In late October, one of my oldest and dearest friends, Mike Schepp, and I gathered at one of this town’s best breakfast places, LuLu’s, so I could treat him to a birthday breakfast, albeit one about a month past due from his Sept. 20 birth anniversary. Our times together began when we were 7 in the second grade under the watchful eye of Sister Joseph Andre some 59 years ago.
Once we worked our way through the large plates of victuals and solved a good portion of the world’s problems (although never coming anywhere close to solving why the Browns lose more often than President Trump tweets), we then headed for the parking lot.
I told Mike I had a small gift for him in my car and told him it was actually a tool. Mike, being as disinclined as yours truly when it comes to all things mechanical, said to me, “Can I re-gift it?” to which I replied, “Of course, as long as you don’t give it back to me!”
I thought about that recently just after the biggest gift-giving holiday of the year and have a few thoughts on what really is gift-giving’s dirty little secret.
Let me start by saying that, at my age, after traveling down more of life’s roads than the ones I’ll travel moving forward, gift-giving is not my favorite pastime. Like many of you, I’ve collected enough stuff over the years to last a couple of lifetimes, and if I need more stuff, I have the means to buy it myself.
Surely, when it comes to receiving gifts, it’s sort of a children’s world. Since they’re totally dependent on others for pretty much everything, of course, they’re going to be thrilled anytime a gift comes their way.
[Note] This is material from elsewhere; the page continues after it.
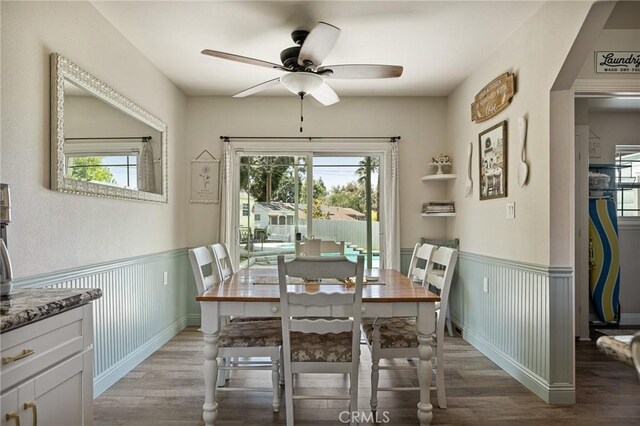 11414 Golden Gate Dr, Yucaipa, CA 92399 - dining area with light wood-style floors, ceiling fan, and a wainscoted wall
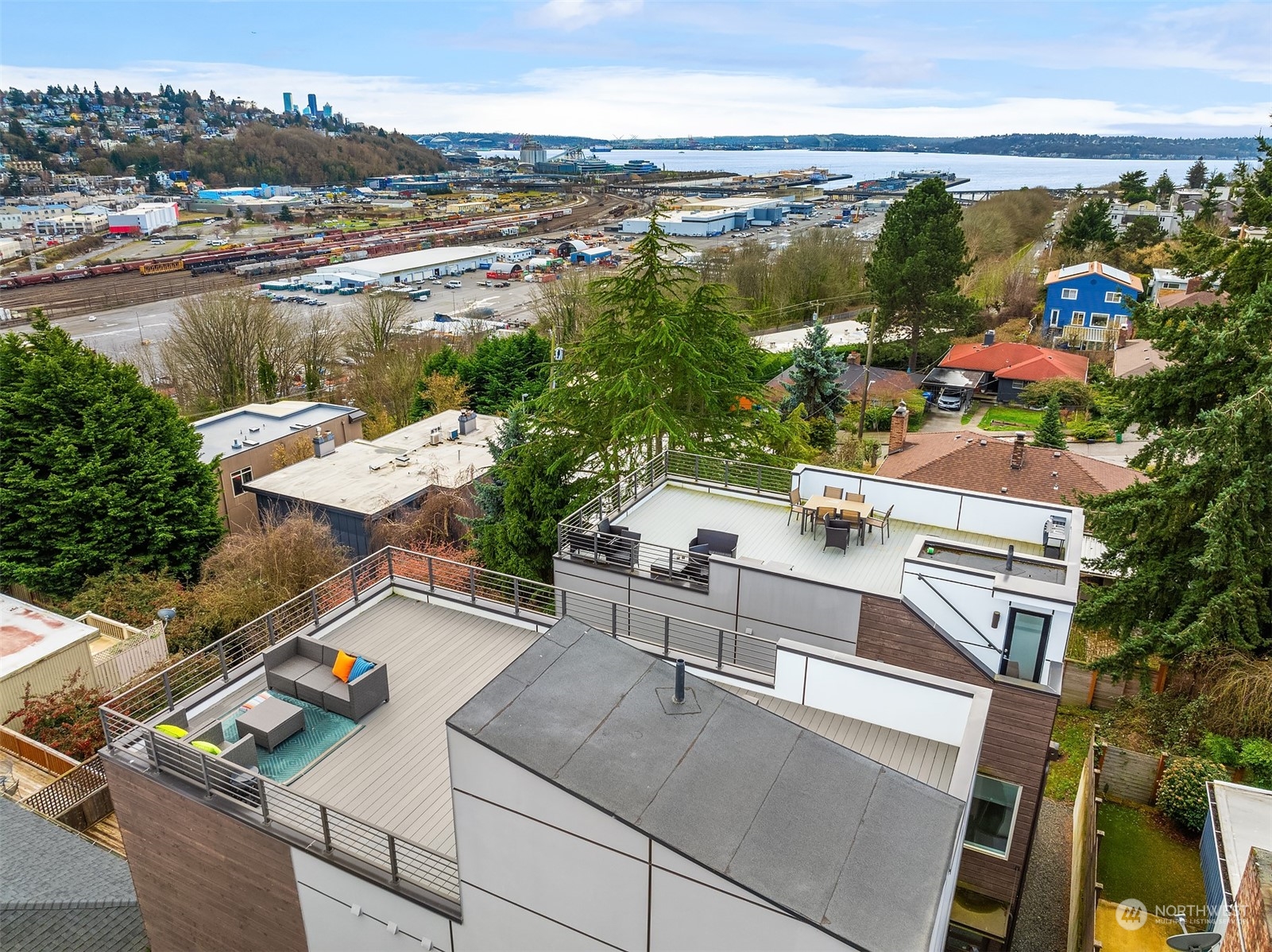 2307 West Raye Street Seattle, WA 98199 - Photo 26 of 38 a view of a city with lawn chairs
Now, when it comes to what is re-gifted, the book is, I’m guessing, the most common item that people pass on down the line, provided you don’t, say, drop it in the bath tub while reading it, as “Cheers” Sam Malone once did in an episode from Season 6 of one of my favorite TV series of all time. Those of you who never missed an episode will recall it was Diane Chambers’ rare first-edition autographed copy of Hemingway’s “The Sun Also Rises.” At any rate, barring any such Mayday Malone-induced damage, a book read carefully doesn’t really change in appearance should one choose to use it as a re-gift. A word of advice, though, is where you’re reading it, use a bookmark rather than dog-earing the pages.
A quick spin around the Google machine brought me to a number of writings on re-gifting, especially on the etiquette involved in such a re-gesture. Most feel there’s nothing wrong with the practice. For instance, author Jacqueline Curtis sees the re-gift as perfectly acceptable as long as you remember to follow eight simple rules. Although I’m not sure there’s any significance to the order in which Curtis presents them, she listed them as follows:
1. Never re-gift anything meaningful or homemade.
2. Re-gift outside your circle of friends.
3. Only re-gift brand-new items.
4. Re-gift thoughtfully.
5. Check for signs of a re-gift.
6. Don’t wait for a special occasion.
7. When in doubt, re-gift to charity.
8. Never re-gift food.
Now, there’s some subjectivity involved in some of the above rules. In the first, how meaningful a gift is you’ve received is, of course, subject to interpretation. And, in the fourth rule, how thoughtful your re-gift is, will largely be determined by the person to whom you are re-gifting.
As for Curtis’ other rules, they seem pretty prudent to me and not subject to much interpretation, although I’ve a little problem with No. 8. Now, I wouldn’t advise passing along your doggie bag from a restaurant, I don’t see much wrong with passing on a box of chocolate provided you received it recently.
Of course, the second rule is essential to avoid the potential embarrassment of giving something to someone that will encounter the person who gave it to you. And, Curtis’ fifth rule must be followed carefully! Imagine, for instance, re-gifting, say, a book without noticing the person who gave it to you had written an inscription to you inside the cover!
For me, the easiest and safest re-gifts are gift cards. However, do keep in mind that a card may lose value after a year has passed since its purchase, and some may even have an expiration date. So, it’s pretty wise to call that number on the back of the card and check value before kicking that can down the road!
So there you have it, folks. The proverbial cat has been loosed from the bag when it comes to re-gifting. Oh, and Mike, just a word about that little tool I gave you for your car’s glove box last October. If you did re-gift it by slipping it into someone’s Christmas stocking a week or so ago, when our historical records are all written, let it be recorded you weren’t just a re-gifter. You were a re-re-gifter!